» What you will do
Give back exactly the stretch of data below from the line holding "Kia Ceed-11" through the line holding "Prezentacja monoporcji - daquoise", both ends included, and leave the remaining lines out.

» Data for processing
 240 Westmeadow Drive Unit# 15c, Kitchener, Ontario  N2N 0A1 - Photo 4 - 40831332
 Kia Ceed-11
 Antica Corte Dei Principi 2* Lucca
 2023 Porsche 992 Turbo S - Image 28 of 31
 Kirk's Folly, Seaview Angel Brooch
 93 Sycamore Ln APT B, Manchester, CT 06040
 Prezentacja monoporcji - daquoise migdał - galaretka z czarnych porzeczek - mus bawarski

...

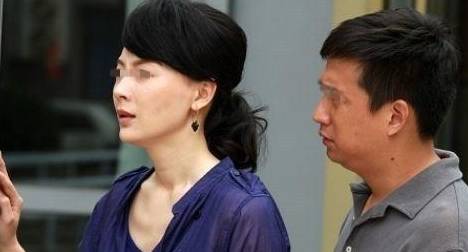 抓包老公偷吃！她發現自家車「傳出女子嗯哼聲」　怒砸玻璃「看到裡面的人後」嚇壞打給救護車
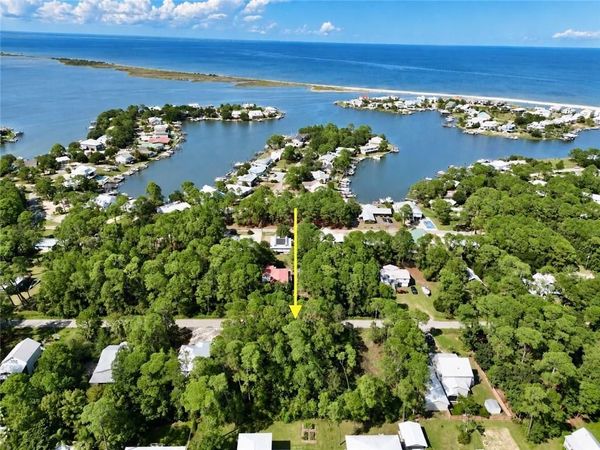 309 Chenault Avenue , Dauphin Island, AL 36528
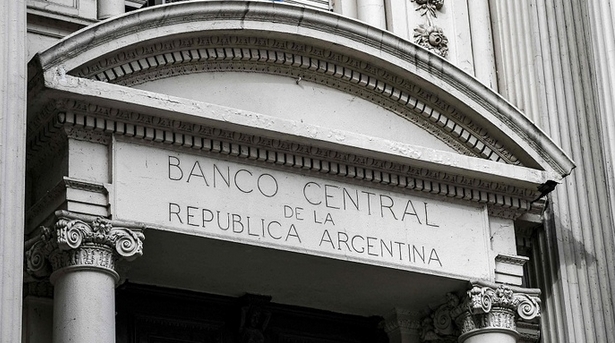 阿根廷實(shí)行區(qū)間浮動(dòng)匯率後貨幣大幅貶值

» Answer box
 Kia Ceed-11
 Antica Corte Dei Principi 2* Lucca
 2023 Porsche 992 Turbo S - Image 28 of 31
 Kirk's Folly, Seaview Angel Brooch
 93 Sycamore Ln APT B, Manchester, CT 06040
 Prezentacja monoporcji - daquoise migdał - galaretka z czarnych porzeczek - mus bawarski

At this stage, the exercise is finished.